Kimberly, was Sirius going to a first time Hav owner?


----------



## Ditto's Mom (Apr 29, 2007)

Hey Kimberly.... now I have two shadows!


----------



## mintchip (Apr 19, 2007)

Ditto's Mom said:


> Hey Kimberly.... now I have two shadows!


Enjoy!


----------



## Ditto's Mom (Apr 29, 2007)

Kim, yes we are keeping his name Phoenix.


----------



## Ditto's Mom (Apr 29, 2007)

Marj, my name is Linda, thank you for asking.


----------



## Havtahava (Aug 20, 2006)

marjrc said:


> Kimberly, was Sirius going to a first time Hav owner?

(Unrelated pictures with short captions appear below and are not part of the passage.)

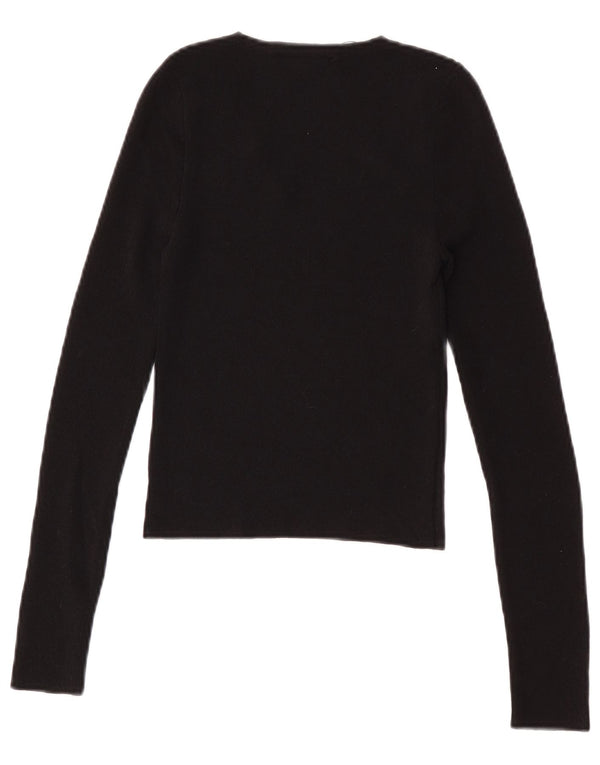 Zara Damen Crop Top Langarm UK 8 Small Schwarz Polyamid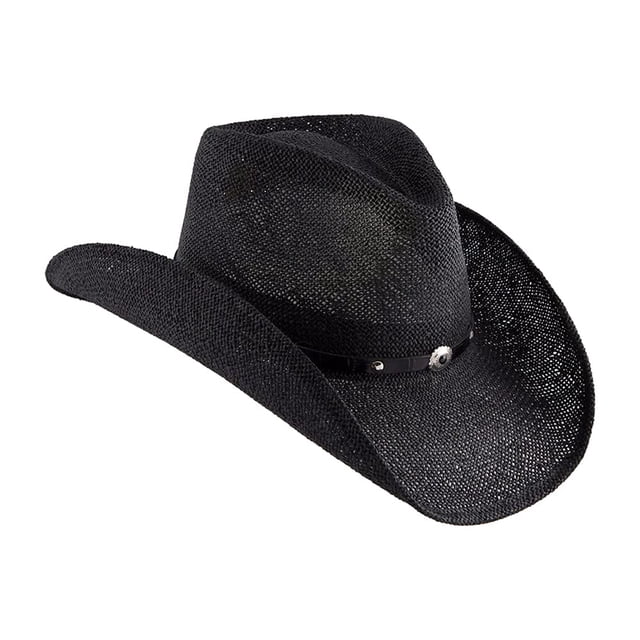 Sombrero Stetson Cowboy negro S con correa de cuero para hombre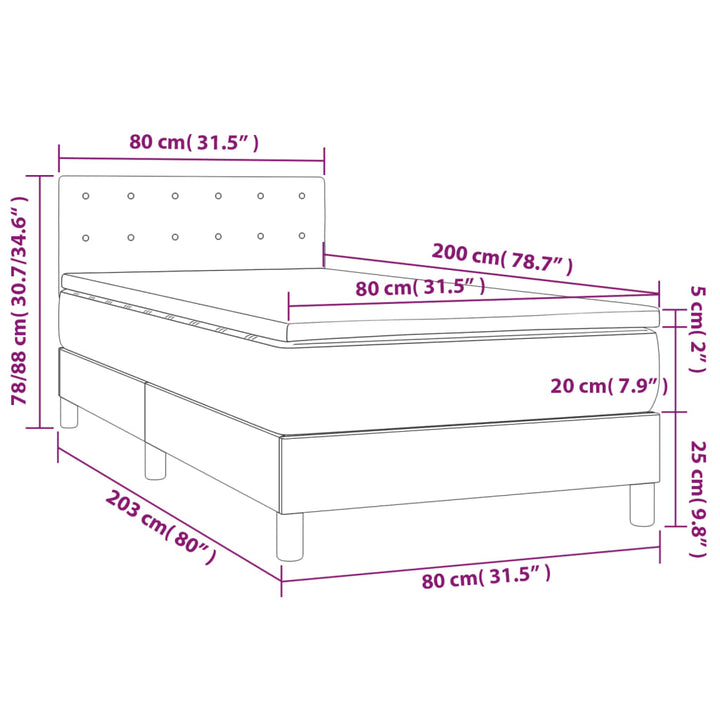 kontinentalseng med madras 80x200 cm stof mørkegrå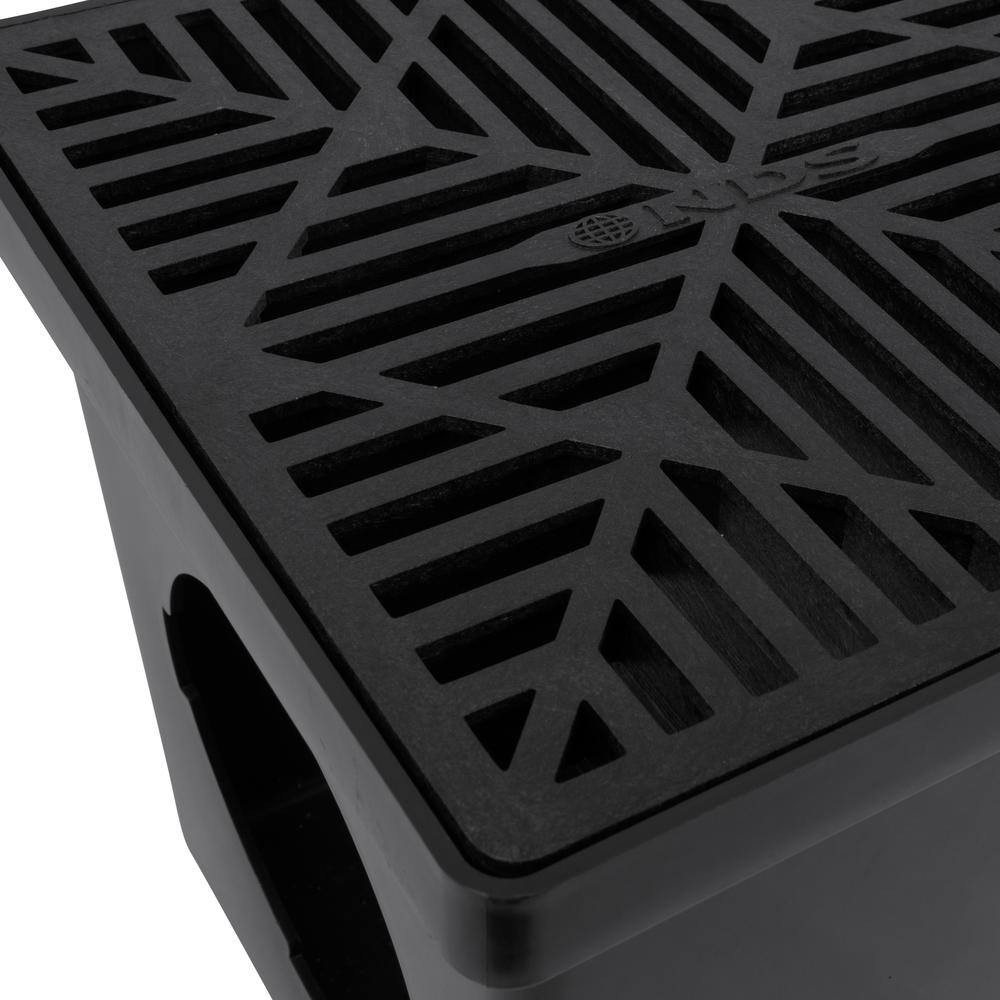 12 In. Square Catch Basin Drain Grate, Black Plastic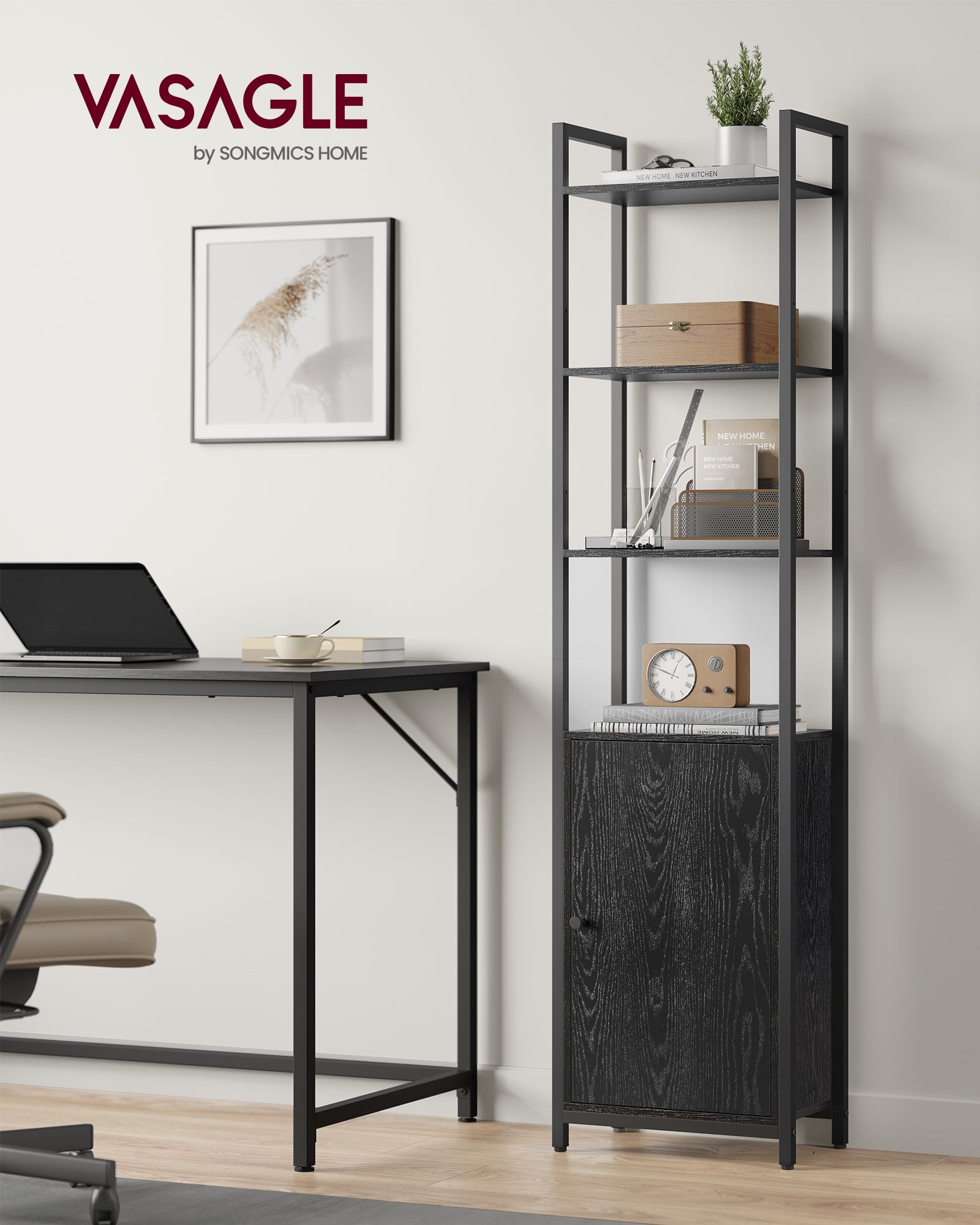 Bookcase with Doors, Adjustable Shelves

Yes, and pretty much first-time dog owners too. They have been researching thoroughly and asked more questions than most breeders I know even ask! LOL

Linda, I'm glad you shared your name. I'm always leary of using anyone's real names until they have done so.


----------



## Phoebs (May 28, 2009)

Super cute!! 
Who are the dam/ sire of this litter?


----------



## Havtahava (Aug 20, 2006)

CH Amor Vinales Tinkerbelle, "Tinky" and CH Oeste's Outlaw of San Juan, "Billy"


----------



## mintchip (Apr 19, 2007)

Havtahava said:


> CH Amor Vinales Tinkerbelle, "Tinky" and CH Oeste's Outlaw of San Juan, "Billy"


Their puppies are *ADORABLE!*


----------



## MaddiesMom (Apr 1, 2007)

Awwwww......love the pictures! Linda, we're now "relatives".  Maddie is from Tinky too (different Dads). Tinky's puppies are wonderful dogs. 

Kimberly, I ran into a lady at the dog park for the SF/Bay Area Havanese meet-up group this weekend in Danville. She came running up to me to ask, "You're Maddie's owner, right?" I had totally forgotten, but we met during one of Maddie's therapy dog events. She asked me alot of questions about Havanese then, as she was thinking of getting one. She just loved Maddie, and decided that day she was getting the one she was talking to a breeder about. Turns out it was Rhythm from your Moo-sic litter! He's now called "Sammy" and is a doll. She told me that meeting Maddie made her decision for her. She and her family are totally in love with Sammy. What a treat to run into her again!


----------



## mintchip (Apr 19, 2007)

MaddiesMom said:


> Awwwww......love the pictures! Linda, we're now "relatives".  Maddie is from Tinky too (different Dads). Tinky's puppies are wonderful dogs.
> 
> Kimberly, I ran into a lady at the dog park for the SF/Bay Area Havanese meet-up group this weekend in Danville. She came running up to me to ask, "You're Maddie's owner, right?" I had totally forgotten, but we met during one of Maddie's therapy dog events. She asked me alot of questions about Havanese then, as she was thinking of getting one. She just loved Maddie, and decided that day she was getting the one she was talking to a breeder about. Turns out it was Rhythm from your Moo-sic litter! He's now called "Sammy" and is a doll. She told me that meeting Maddie made her decision for her. She and her family are totally in love with Sammy. What a treat to run into her again!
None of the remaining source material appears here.